The compressive strength, elastic modulus, Poisson’s ratio and tensile strength of shale was determined by a YAW-300D microcomputer controlled compression and bending tester, WAW-600F microcomputer controlled electro-hydraulic servo rock testing machine and YAW-1000D microcomputer controlled compression shear testing machine (Jinan Xinshijin Test Machine Co., Ltd., China). The compressive strength was tested according to methods for determining the physical and mechanical properties of coal and rock-Part 7: methods for determining the uniaxial compressive strength and counting softening coefficient (GB/T 23561.7-2009). Elastic modulus and Poisson’s ratio was determined according to methods for determining the physical and mechanical properties of coal and rock-Part 8: methods for determining the deformation parameters of coal and rock (GB/T 23561.8-2009). Refer to methods for determining the physical and mechanical properties of coal and rock-Part 10: methods for determining tensile strength of coal and rock (GB/T 23561.10-2010).
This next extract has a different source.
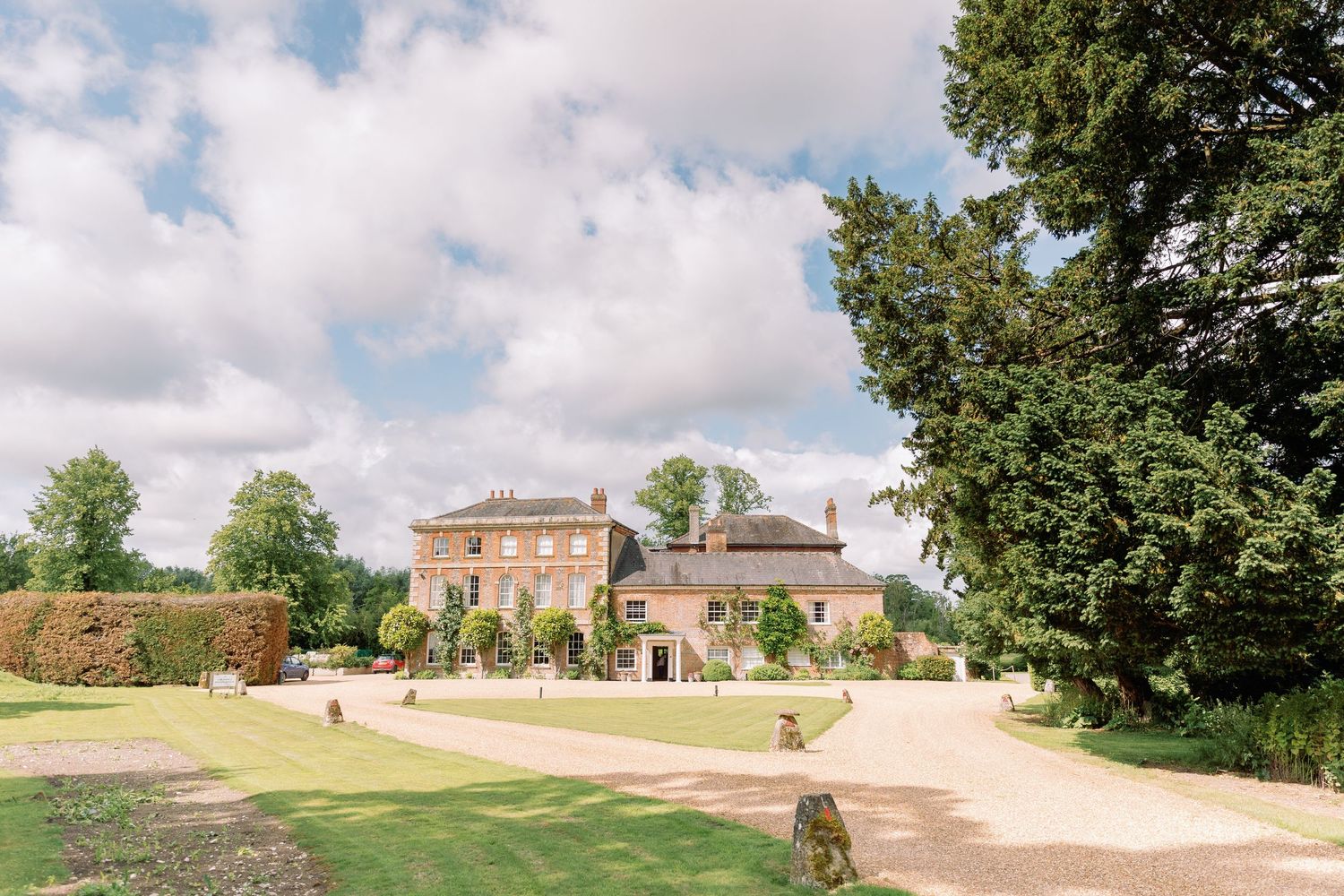 A grand country manor house with manicured gardens and gravel driveway sits under a bright summer sky with fluffy clouds.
The determination of total organic carbon in coal seams and shale was based on the specification for determination of total organic carbon in sedimentary rock (GB/T18602-2012), using CS230 carbon sulfur analyzer (LECO, United States). The sample was ground until the particle size was less than 0.2 mm. An analytical balance with an accuracy of 0.1 mg was used to weigh 1 g of the sample. The inorganic carbon in the sample was removed with dilute hydrochloric acid, and the sample was burned under a high-temperature oxygen flow to convert the total organic carbon into carbon dioxide. The content of total organic carbon was determined by infrared detection.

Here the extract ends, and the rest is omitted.